### [PROBLEM DESCRIPTION]
A faithful copy of the entries is required, with no images in it.

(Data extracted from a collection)

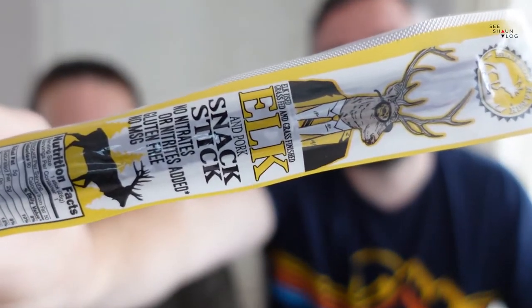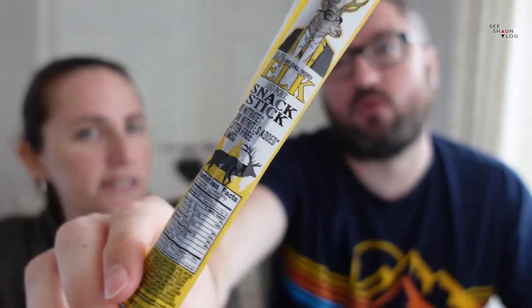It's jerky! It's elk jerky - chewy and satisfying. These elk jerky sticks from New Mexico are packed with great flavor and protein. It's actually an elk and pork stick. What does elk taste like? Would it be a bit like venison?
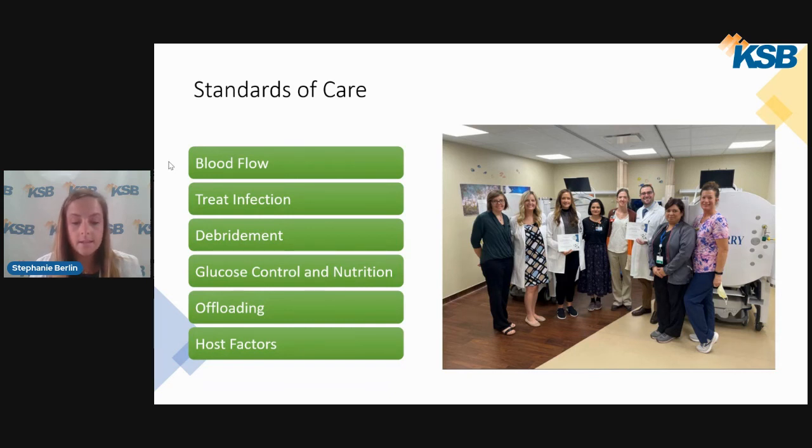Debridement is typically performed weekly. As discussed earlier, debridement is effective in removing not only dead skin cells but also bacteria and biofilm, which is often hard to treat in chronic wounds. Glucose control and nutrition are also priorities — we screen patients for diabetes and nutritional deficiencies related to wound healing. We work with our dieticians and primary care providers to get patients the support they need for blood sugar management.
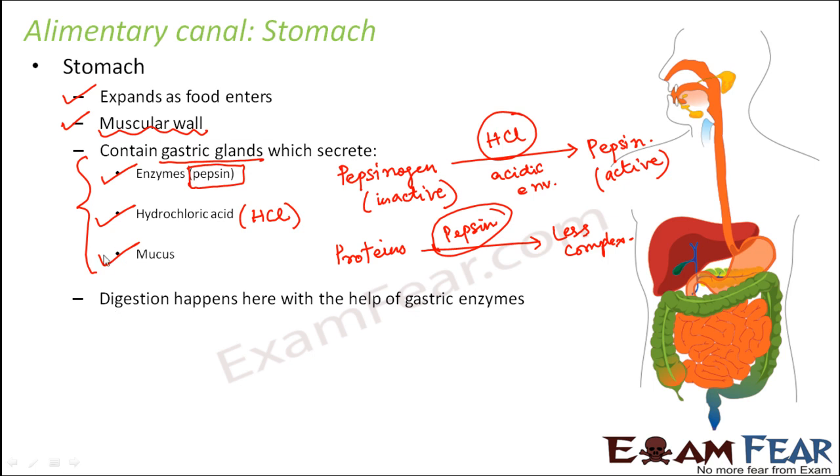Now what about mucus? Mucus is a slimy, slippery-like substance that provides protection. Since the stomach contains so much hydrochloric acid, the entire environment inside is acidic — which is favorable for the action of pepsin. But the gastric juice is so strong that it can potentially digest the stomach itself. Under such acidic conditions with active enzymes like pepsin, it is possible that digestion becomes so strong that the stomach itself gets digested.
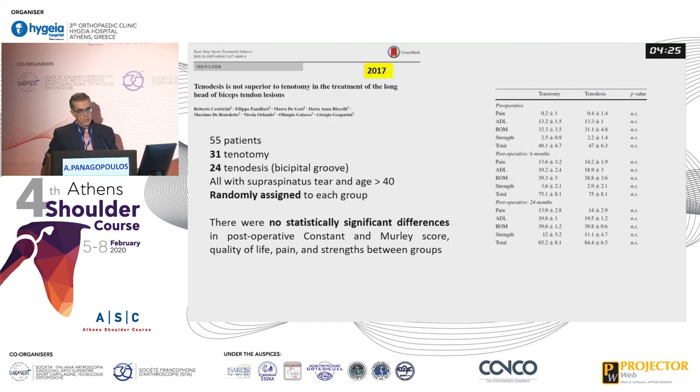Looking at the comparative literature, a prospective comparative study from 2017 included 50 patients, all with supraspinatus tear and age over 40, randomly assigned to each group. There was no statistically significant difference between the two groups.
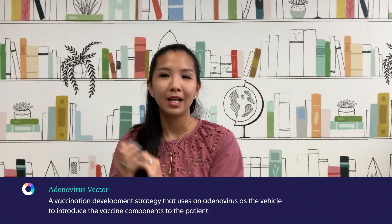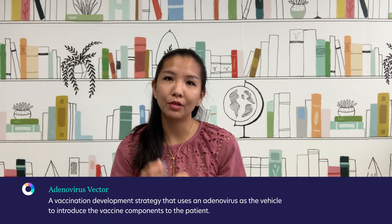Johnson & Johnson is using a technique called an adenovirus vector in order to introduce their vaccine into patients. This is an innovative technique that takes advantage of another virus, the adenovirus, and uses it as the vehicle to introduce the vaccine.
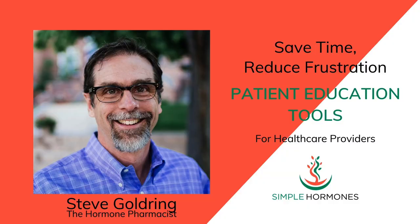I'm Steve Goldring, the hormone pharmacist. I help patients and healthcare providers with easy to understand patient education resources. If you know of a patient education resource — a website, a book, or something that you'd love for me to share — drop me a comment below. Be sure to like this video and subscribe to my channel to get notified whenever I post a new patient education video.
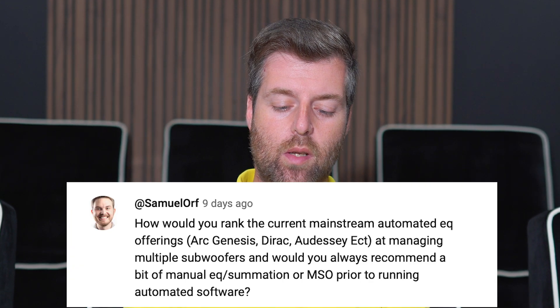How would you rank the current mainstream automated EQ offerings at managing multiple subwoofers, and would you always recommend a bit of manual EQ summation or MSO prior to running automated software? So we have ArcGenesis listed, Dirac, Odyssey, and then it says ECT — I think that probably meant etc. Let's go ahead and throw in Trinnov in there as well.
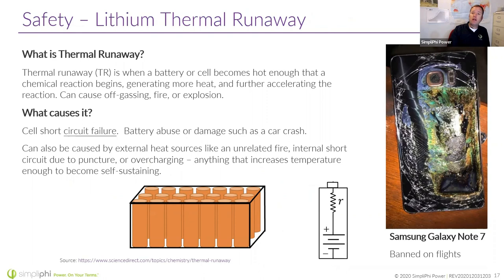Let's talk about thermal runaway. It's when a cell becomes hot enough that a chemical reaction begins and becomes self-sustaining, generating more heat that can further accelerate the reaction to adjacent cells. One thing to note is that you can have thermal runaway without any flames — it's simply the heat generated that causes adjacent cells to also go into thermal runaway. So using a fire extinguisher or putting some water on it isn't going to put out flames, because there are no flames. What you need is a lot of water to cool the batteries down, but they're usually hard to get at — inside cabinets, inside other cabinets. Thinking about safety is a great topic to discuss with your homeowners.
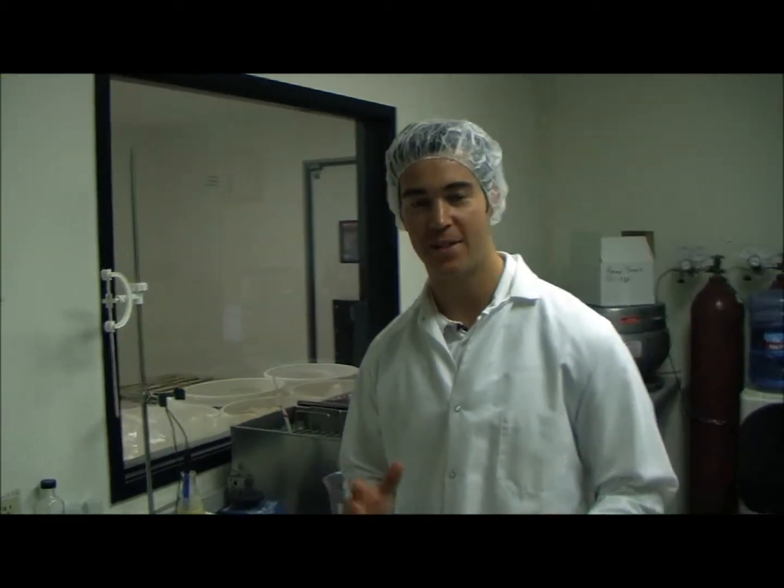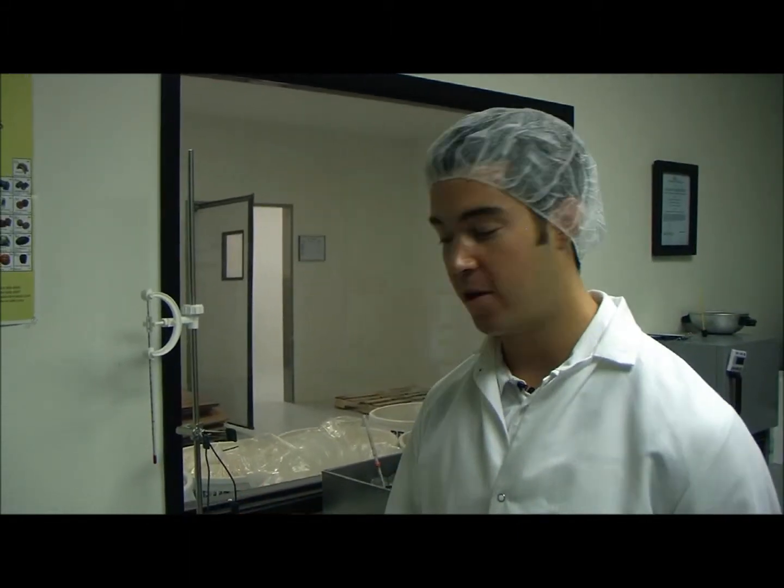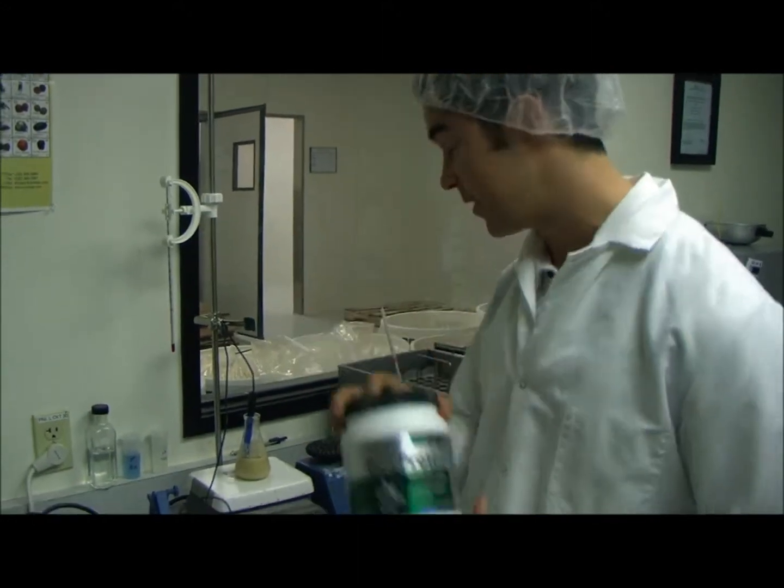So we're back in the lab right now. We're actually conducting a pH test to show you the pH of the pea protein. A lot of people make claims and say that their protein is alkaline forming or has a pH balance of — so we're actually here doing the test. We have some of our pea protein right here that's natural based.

### [SOLUTION FOR THIS TASK]
It's jerky! It's elk jerky - chewy and satisfying. These elk jerky sticks from New Mexico are packed with great flavor and protein. It's actually an elk and pork stick. What does elk taste like? Would it be a bit like venison?
Debridement is typically performed weekly. As discussed earlier, debridement is effective in removing not only dead skin cells but also bacteria and biofilm, which is often hard to treat in chronic wounds. Glucose control and nutrition are also priorities — we screen patients for diabetes and nutritional deficiencies related to wound healing. We work with our dieticians and primary care providers to get patients the support they need for blood sugar management.
Now what about mucus? Mucus is a slimy, slippery-like substance that provides protection. Since the stomach contains so much hydrochloric acid, the entire environment inside is acidic — which is favorable for the action of pepsin. But the gastric juice is so strong that it can potentially digest the stomach itself. Under such acidic conditions with active enzymes like pepsin, it is possible that digestion becomes so strong that the stomach itself gets digested.
Looking at the comparative literature, a prospective comparative study from 2017 included 50 patients, all with supraspinatus tear and age over 40, randomly assigned to each group. There was no statistically significant difference between the two groups.
Johnson & Johnson is using a technique called an adenovirus vector in order to introduce their vaccine into patients. This is an innovative technique that takes advantage of another virus, the adenovirus, and uses it as the vehicle to introduce the vaccine.
I'm Steve Goldring, the hormone pharmacist. I help patients and healthcare providers with easy to understand patient education resources. If you know of a patient education resource — a website, a book, or something that you'd love for me to share — drop me a comment below. Be sure to like this video and subscribe to my channel to get notified whenever I post a new patient education video.
How would you rank the current mainstream automated EQ offerings at managing multiple subwoofers, and would you always recommend a bit of manual EQ summation or MSO prior to running automated software? So we have ArcGenesis listed, Dirac, Odyssey, and then it says ECT — I think that probably meant etc. Let's go ahead and throw in Trinnov in there as well.
Let's talk about thermal runaway. It's when a cell becomes hot enough that a chemical reaction begins and becomes self-sustaining, generating more heat that can further accelerate the reaction to adjacent cells. One thing to note is that you can have thermal runaway without any flames — it's simply the heat generated that causes adjacent cells to also go into thermal runaway. So using a fire extinguisher or putting some water on it isn't going to put out flames, because there are no flames. What you need is a lot of water to cool the batteries down, but they're usually hard to get at — inside cabinets, inside other cabinets. Thinking about safety is a great topic to discuss with your homeowners.
So we're back in the lab right now. We're actually conducting a pH test to show you the pH of the pea protein. A lot of people make claims and say that their protein is alkaline forming or has a pH balance of — so we're actually here doing the test. We have some of our pea protein right here that's natural based.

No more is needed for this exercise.